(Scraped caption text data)
****************************************
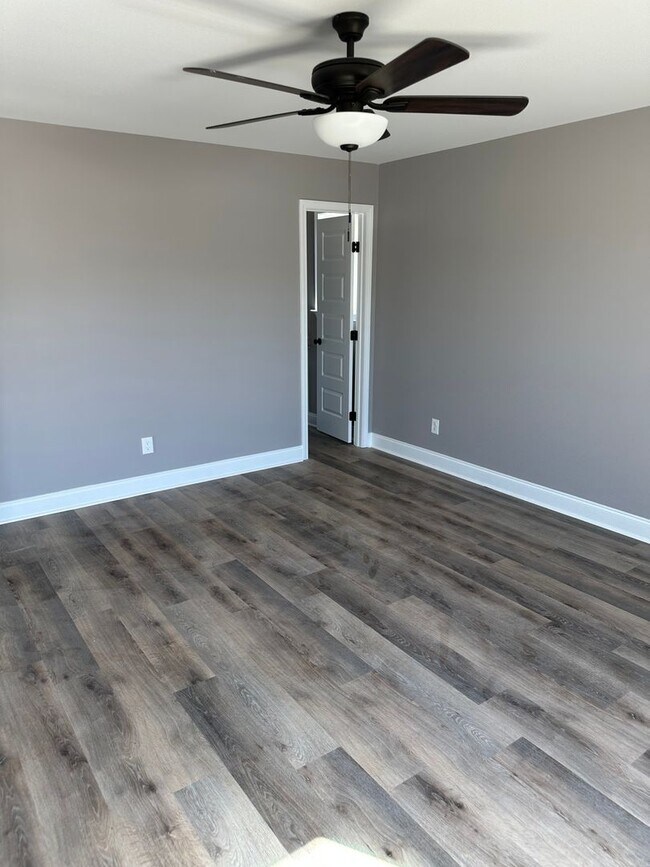 Foto del edificio - 124 Magnolia Ct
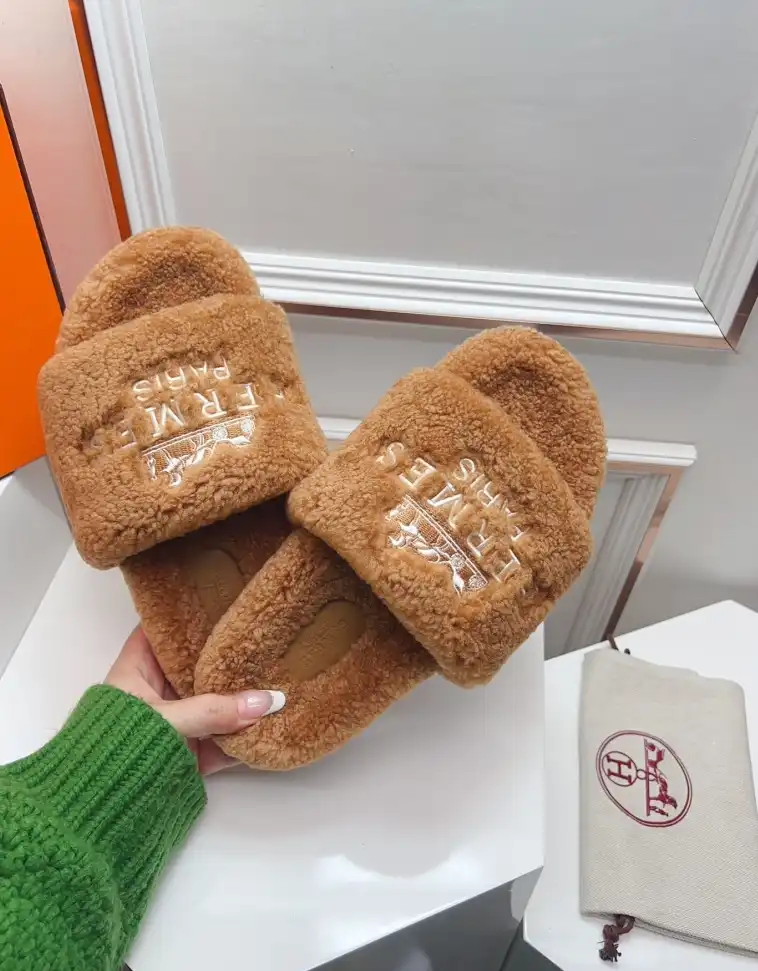 hype Hermes Slippers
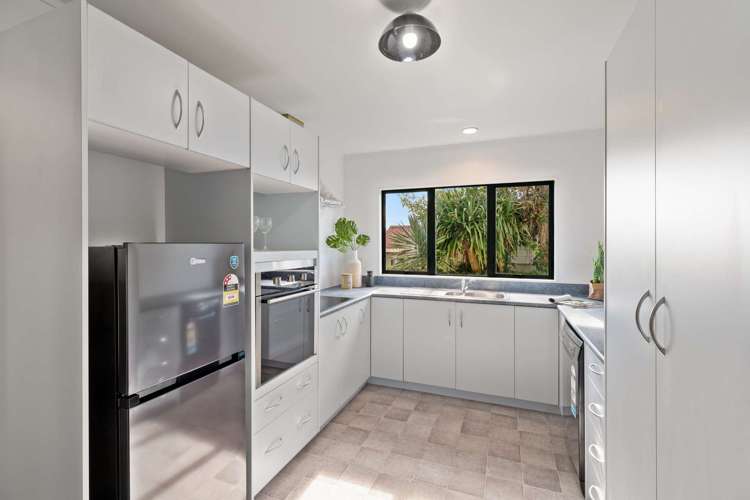 19 Lasque Place Glen Eden_8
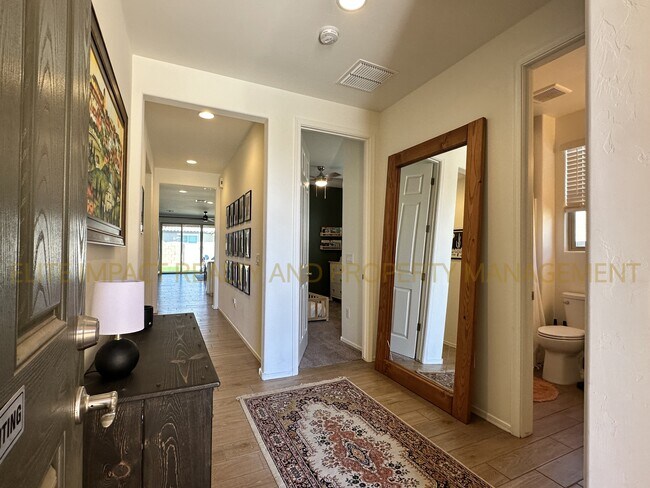 Building Photo - 6630 E Via Arroyo Largo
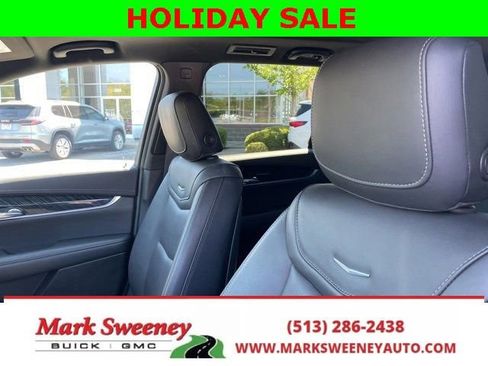 Used 2024 Cadillac XT6 Premium Luxury image 14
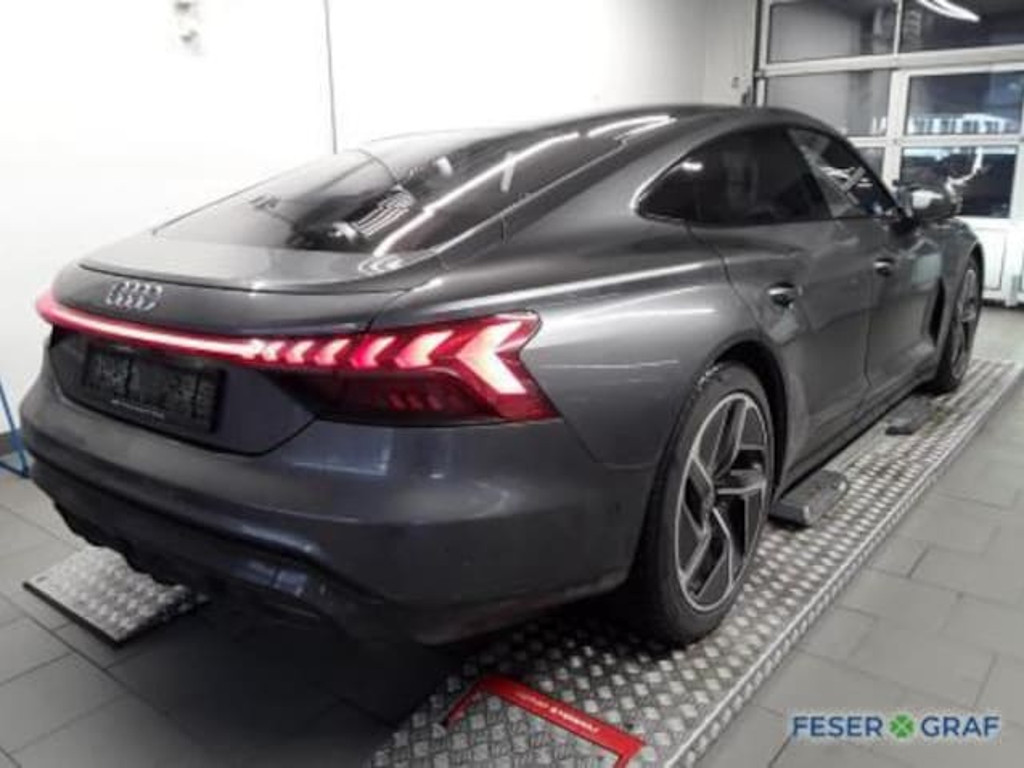 Audi e-tron GT
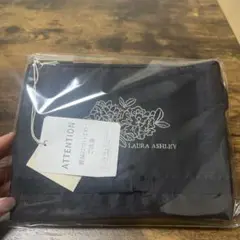 LAURA ASHLEY ネイビーポーチ　新品未使用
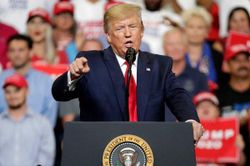 Nhân vật đặc biệt trong đám đông ủng hộ Tổng thống Trump kích hoạt chiến dịch tranh cử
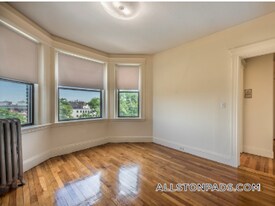 1152 Commonwealth Ave in Boston, MA - Building Photo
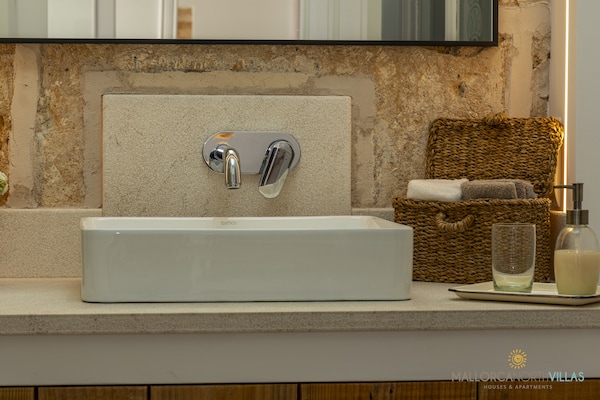 Foto van Villa in Alcudia met privézwembad aan zee - Vakantiehuis in Alcúdia - BathRoom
****************************************
TASK DETAILS —
The response consists of the data above printed line for line, with no pictures.

PROBLEM SOLUTION —
 Foto del edificio - 124 Magnolia Ct
 hype Hermes Slippers
 19 Lasque Place Glen Eden_8
 Building Photo - 6630 E Via Arroyo Largo
 Used 2024 Cadillac XT6 Premium Luxury image 14
 Audi e-tron GT
 LAURA ASHLEY ネイビーポーチ　新品未使用
 Nhân vật đặc biệt trong đám đông ủng hộ Tổng thống Trump kích hoạt chiến dịch tranh cử
 1152 Commonwealth Ave in Boston, MA - Building Photo
 Foto van Villa in Alcudia met privézwembad aan zee - Vakantiehuis in Alcúdia - BathRoom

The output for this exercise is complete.